Qantas this morning posted some shockingly bad operating figures for the month of August, but under the surface things may be improving for the airline group.
First, the bad news. In the financial year to the end of this August, international yields fell by –22.9%, continuing a run of significantly loss-making months this calendar year.
On the domestic operations, yields were down on the same basis by –12.9%. It will take another strong profit from the sale of so-called loyalty or frequent-flyer points to third parties to reduce the losses being incurred by actually flying people.
These figures include Jetstar in both cases, meaning the situation for Qantas on its own was worse than the aggregate figures, but the company isn’t providing a breakdown, which shareholders ought to be demanding at the October 21 AGM in Perth.
Further to the bad news, Qantas international passenger numbers fell by –25.9% in August compared to the same month in 2008, and there has been guidance that premium fare numbers have fallen disproportionately more than in discount economy.
However, overall, the group’s passenger numbers rose 6% in August compared to August 2008, clearly lifted by growth by Jetstar.
This homogenising of the dual brand operating figures for Qantas and Jetstar obscures for investors the real situation for the group in a very stressed market.

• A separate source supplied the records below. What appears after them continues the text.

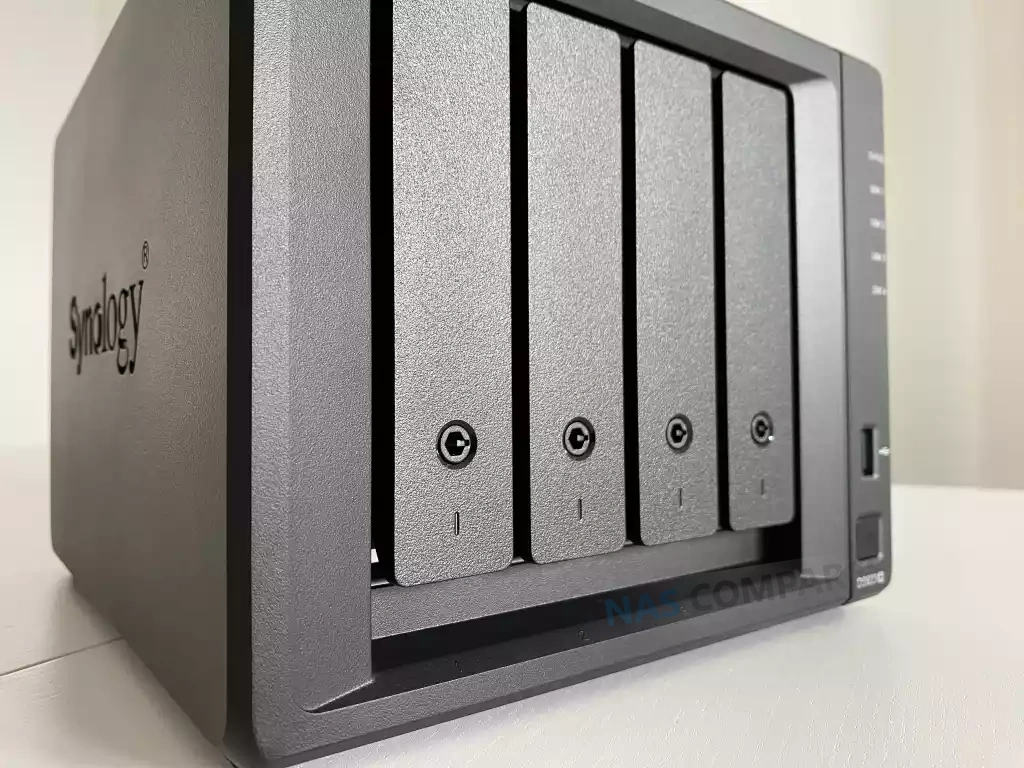 Synology DS923+ - Test / Avis / Review / Présentation du NAS 4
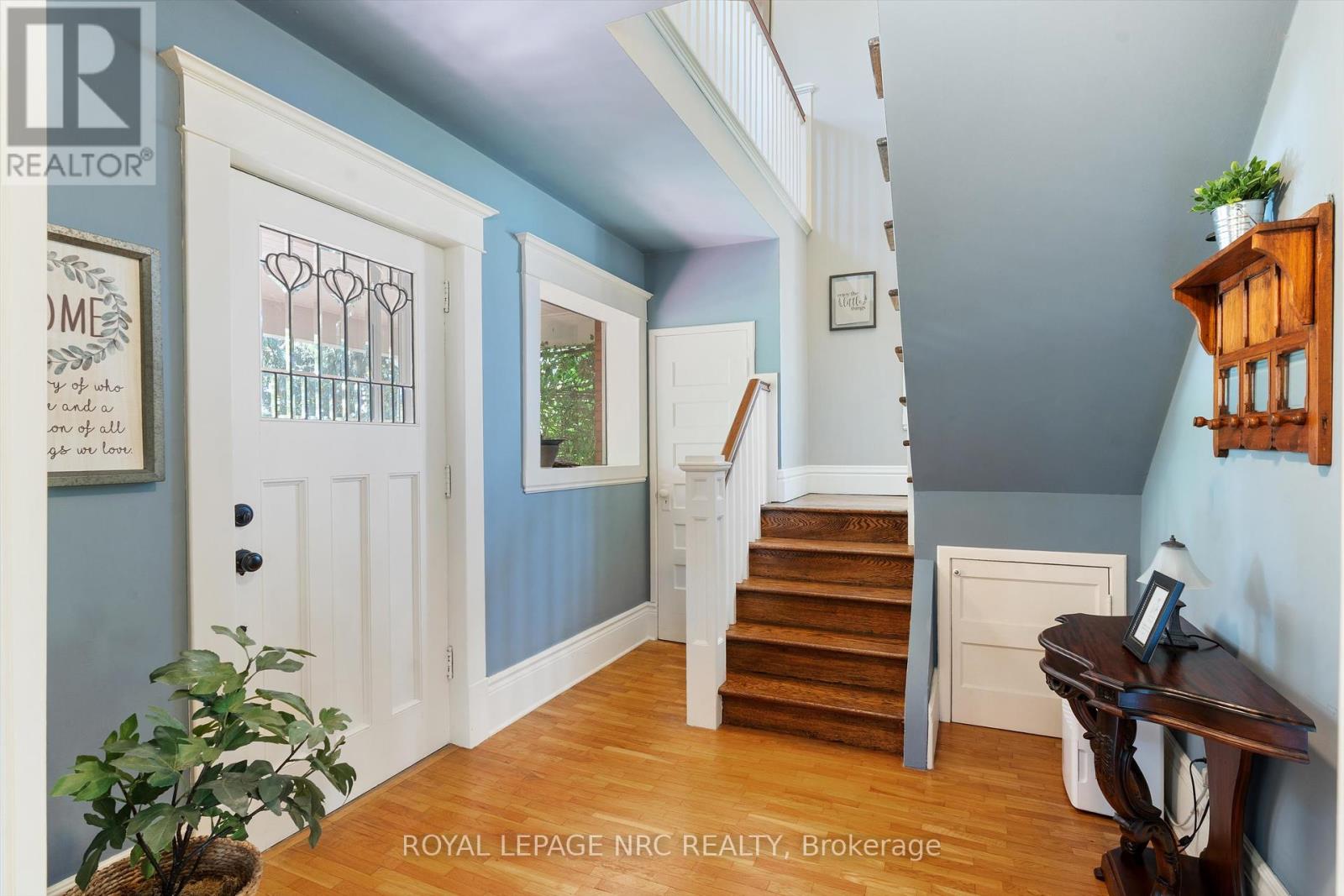 326 Lakeshore Road, Niagara-On-The-Lake, Ontario  L0S 1J0 - Photo 6 - X12420534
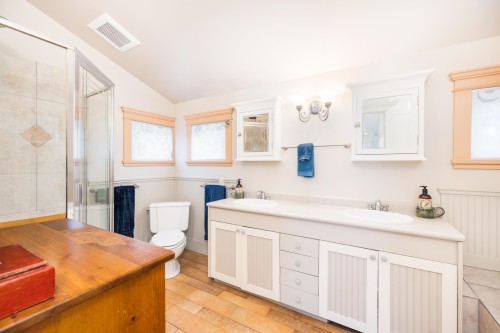 4337 15Th Avenue W, Vancouver, BC - Indoor Photo Showing Bathroom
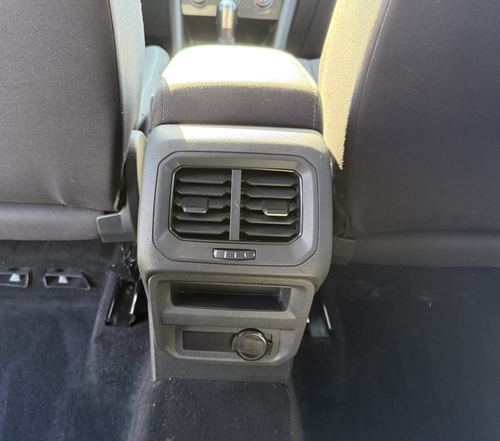 2020 VW Tiguan — photo 24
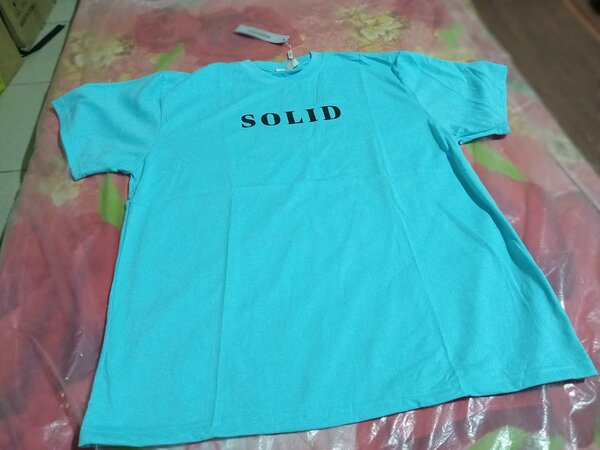 T-shirt unisexe bleu imprimé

The situation in August is that Qantas domestic by head count carried 1.8% more passengers than a year earlier, Jetstar domestic carried 1.3% more, Qantaslink carried –0.2% fewer, Qantas international lost –25.9% of the passengers carried that month compared to a year earlier and Jetstar international more than doubled its passenger uplift.
The dismal yield figures did not take anyone in Qantas management by surprise. The official profit guidance for this financial year is that there is “no” guidance.
The underlying good news, alluded to by CEO Alan Joyce more than once in recent weeks, is that a large volume of very cheap seats sold toward the end of the past financial year for future travel, particularly for the Christmas-New Year holiday period, have yet to work their way through the group’s operations and will distort or mask the yields being earned by the group since then, and until all the cheapies have been used up.
This somewhat fragile basis for optimism has also been resorted to by Virgin Blue and major overseas carriers in terms of tentative signs of recovery or stability in the air travel markets.
Nevertheless, Qantas, and its major competitor Virgin Blue, are only days away from Singapore Airlines-controlled Tiger Airways getting serious about the Australian market, when it boosts capacity and frequency to business travel-friendly levels on the prime Melbourne-Sydney market.
That development makes short-to-medium-term predictions for the Australian domestic market very problematic.